ACSA (Association of Collegiate Schools of Architecture) just announced the 2017-2018 Architectural Education Award Winners. Each year, ACSA honors architectural educators for exemplary work in areas such as building design, community collaborations, scholarship, and service. Award winners inspire and challenge students, contribute to the profession’s knowledge base, and extend their work beyond the borders of academy into practice and the public sector.
This year, UVA’s Luis Pancorbo and Ines Martin, both faculty at the School of Architecture, were awarded the Faculty Design Award for their building, the Vegas Altas Congress Center.

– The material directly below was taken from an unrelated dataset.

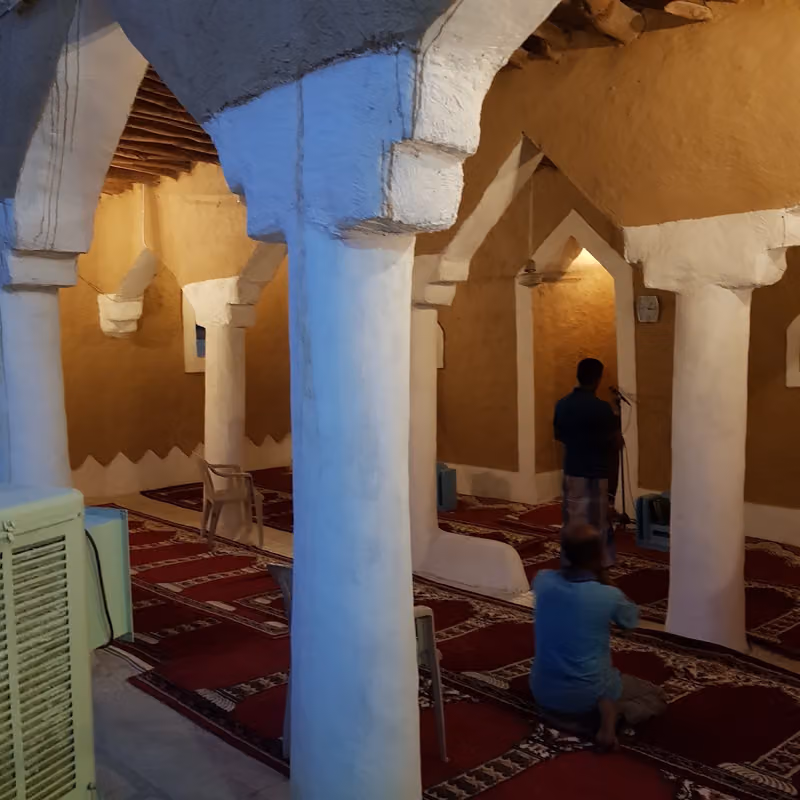 مسجد العفيري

Pancorbo and Martin describe the building as:
The "Vegas Altas" Congress and Exhibition Center grows in an ambiguous peripheral location, in a land that is both urban and agricultural. The architectural proposal is intended to highlight this timeless condition of building belonging to the land through the design of a freestanding building, floating in the countryside like a giant bale of straw with a flat horizon. On the one hand, it is a building that hides its status growing underground. The program is organized as a half-buried ring that adapts to the terrain and to the boundaries of the plot, but hides its condition to visitors. A cubic volume rises categorically from the ground boldly, but maintains only the volumetric scale appropriate for the required visibility and representability.
Thus, the design reinforces its urban character, iconic, with a platonic geometry of a perfect cube, but in turn loses its built character, as it is a field sown of strips of vegetation. Its surface is ripped with skylights that illuminate the underground spaces. The building provides ample public space to the town with a green cover over most of the program and a sloped ground serving to create a means of access to the building and to perform as an outdoor auditorium. One the one hand, it is introverted, hidden and neutral in its earthy materiality, offering a garden that is the main facade. At the same time, it is outgoing, as it seeks to be seen wrapped in a woven web of ropes. The use of naval ropes for the façade shading is at the same time a technological transference and a feature that is deeply connected with the local culture and environment.”
Congratulations to Luis and Ines for this outstanding honor in recognition of design excellence!